Ally Bank reduced many of its deposit rates today, about a week after it was attacked for offering better-than-average returns by the American Bankers Association.
How petty can the lobbying group for the nation’s biggest banks get?
It all began when the ABA wrote a letter to the Federal Deposit Insurance Corp. on May 27, asking it to stop Ally from offering what it called above-market rates on certificates of deposit.
Why?
The association has two axes to grind with Ally — and the government.
First, the Treasury Department allowed Ally’s troubled owner, auto financing giant GMAC, to become a bank holding company earlier this year so that it could qualify for a federal bailout.
Then the $20 billion Washington gave GMAC was enough to buy a controlling interest in the finance company, creating a “government-owned” competitor for the ABA’s privately-owned members.
Now, the ABA says, GMAC and Ally Bank are using that unfair advantage to offer higher rates than its members to attract more deposits.
“Such a bank is significantly shielded from investor and market influences that might otherwise act as a brake on risky financial strategies,” ABA president and CEO Edward Yingling said in the letter. (Click here to read Fortune Magazine’s report on the ABA’s effort.)
The hypocrisy of the nation’s biggest banks pointing an indignant finger at someone for pursuing “risky financial strategies” is laughable.
It was their risky financial strategies that nearly wrecked the world economy.
And these are the same banks than have stuffed their vaults with hundreds of billions of dollars from the U.S. Treasury Department and Federal Reserve.
All of the cheap capital and loans they’ve received from the government have enabled them to offer ridiculously low interest rates and thumb their noses at savers.
Who’s being shielded from the market?
The government’s made sure they don’t need our lousy deposits.
And while Ally’s rates have been quite good, they have not been off the charts. It’s been paying no more than many community banks and credit unions around the country.
Ally, for example, was offering 2.65% APY for a 24-month CD. But you could have gotten a better deal from Quantum National Bank in Milton, Ga., which is still paying 2.97% APY, and Tennessee Commerce Bank in Franklin, Tenn., which is offering 2.87% APY.
The 2.80% APY on 12-month CDs was heavily promoted in Ally’s advertising. But it wasn’t that much better than the 2.63% APY you can still get from Corus Bank in Chicago, or the 2.78% APY from Melrose Credit Union in Briarwood, N.Y.
So what is this really all about?
The big banks didn’t want GMAC to get any of their bailout money in the first place.
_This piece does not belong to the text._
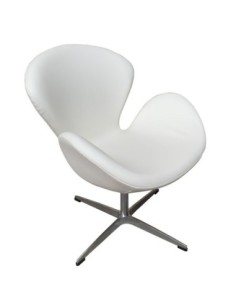 Sillón SW, tapizado en similpiel blanca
And now that GMAC has taken a government handout the big banks are using that an excuse to try and stop it from offering consumers better interest rates than its biggest members.
It’s possible that Ally only offered those rates to put more oomph behind the advertising campaign promoting its new name (it was called GMAC Bank until last month).
It’s possible that Ally would have lowered its rates without being pressured by the ABA. (Ally didn’t blame the ABA for the cuts and it certainly isn’t the only bank to cut rates this week.)
But the association should still be ashamed of itself, and savers take it on the chin again.
Ally Bank reduced the rate on its 12-month CD to 2.49% APY, the rate on its 24-month CD to 2.55% and its savings account from 2.25% to 2.05%.